Le metteur en scène a établi sa réputation avec des spectacles bien pensés et de bon goût, sans vulgarité ni facilité, et c’est de nouveau le cas avec cet opéra‑bouffe, dans sa version de 1874. Il n’a pas cherché à transposer l’action dans un lieu précis et une époque déterminée. Le premier acte, un peu moins rythmé, dans cette production, que les autres, semble d’ailleurs se dérouler, il y a peu de temps, dans quelque contrée du sud de l’Europe, tandis que la seconde partie rappelle ces salons du Second Empire et ces sinistres geôles de palais anciens de potentats abusant du pouvoir. Dans cette scénographie plutôt plaisante, mais peu inventive, les décors changent souvent, non sans quelques nuisances sonores, à peine couvertes par l’orchestre.
C’est plutôt la direction d’acteur, précise et juste, qui donne du sel à ce spectacle assez relevé et précisément réglé, en particulier dans les ensembles, bien qu’une dose supplémentaire de peps et de piquant n’aurait pas été de refus.
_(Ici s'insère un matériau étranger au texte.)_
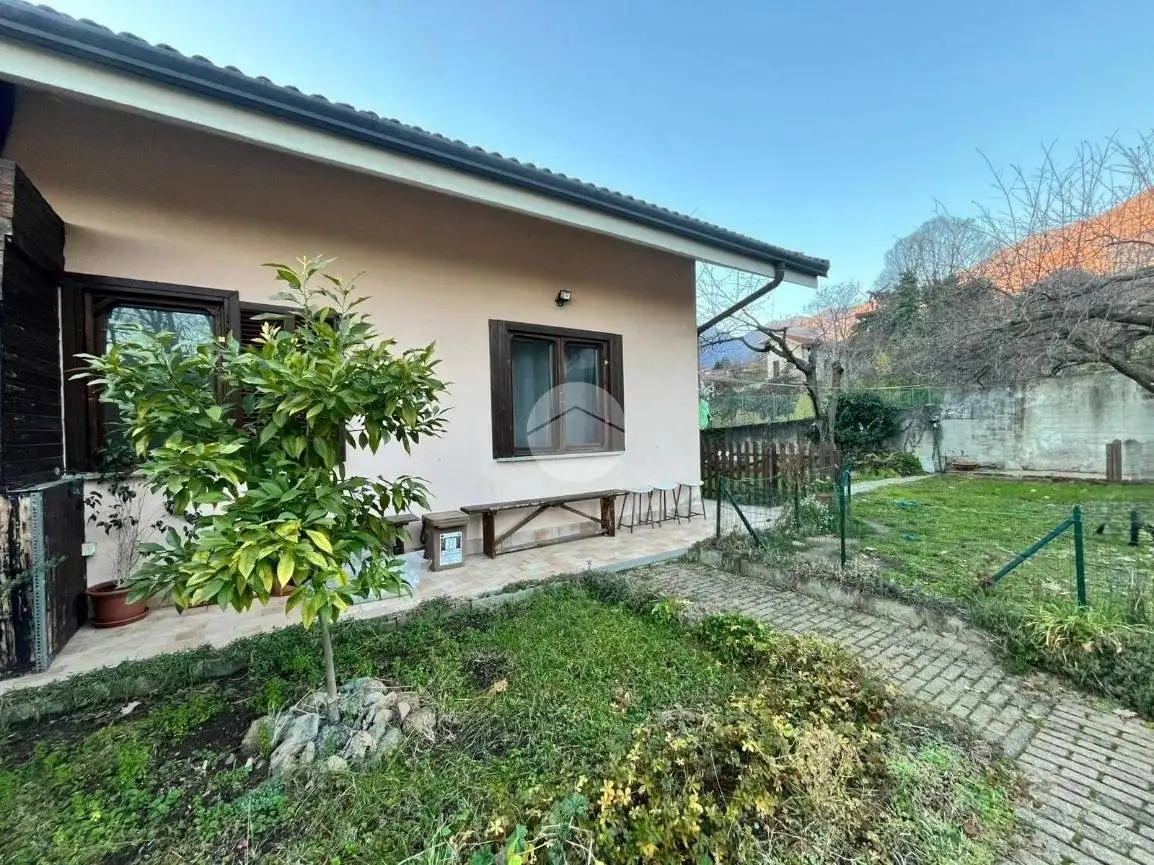 Casa indipendente in vendita a Val della Torre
Laurent Pelly prend soin de ne pas trop accentuer la dimension burlesque, sans exclure fort heureusement la verve comique de cet ouvrage aux teintes parfois douces‑amères. Ce spectacle de haut niveau semble hors du temps, hors mode. Dans dix, vingt ou trente ans, il fonctionnerait encore bien. Et les dialogues adaptés par Agathe Mélinand ne nous ont pas particulièrement agacé, au contraire de notre confrère qui a assisté à la création parisienne. Les aurait‑elle entre temps modifiés ?
L’Opéra royal de Wallonie a réuni une distribution quasiment francophone, avec une bonne proportion de chanteurs belges, ce qui l’honore tout particulièrement. Il faut du caractère et du tempérament pour incarner la Périchole, des qualités qu’Antoinette Dennefeld possède assurément, outre un don de comédienne évident pour rendre la nature offensive et la féminité fière de cette figure haute en couleur. La mezzo‑soprano met une voix de premier ordre au service d’un chant expressif et tenu. Son partenaire, l’excellent Pierre Derhet, dont les chanteurs et l’orchestre souhaitent un bon anniversaire en musique, lors des saluts, convainc tout particulièrement en Piquillo, un rôle dont il possède l’exact profil vocal, la clarté de la voix, la précision du vibrato, la précision du phrasé. Nul besoin de revenir sur l’art fantastique de Lionel Lhote, savoureux en Don Andrès de Ribeira. Le Comte Miguel de Panatellas du très expérimenté Rodolphe Briand n’en demeure pas moins remarquable, tandis qu’Ivan Thirion endosse plus que correctement le rôle de Don Pedro de Hinoyosa. Julie Mossay, Marie Kalinine, Aliénor Feix et Julie Bailly forment un ensemble soudé et pétillant dans tous ces petits personnages féminins qui apportent du tonus à cet opéra‑bouffe. Et que de dire de l’amusant vieux prisonnier d’Eddy Letexier, frustré de n’avoir pas touché une femme depuis douze ans ?
Clelia Cafiero collabore pour la première fois avec l’Opéra royal de Wallonie. Il faut qu’elle revienne dans ce théâtre. Sous sa direction détaillée, l’orchestre joue cette musique avec clarté et précision, et il affiche une discipline et une justesse qui valorisent parfaitement l’écriture du compositeur. C’est ainsi que nous aimons entendre ses opéras‑bouffes, avec cette vitalité exempte de précipitation, avec cette sécheresse dépourvue de raideur. Les choristes, enfin, bien préparés, contribuent à la réussite de ce spectacle accompli.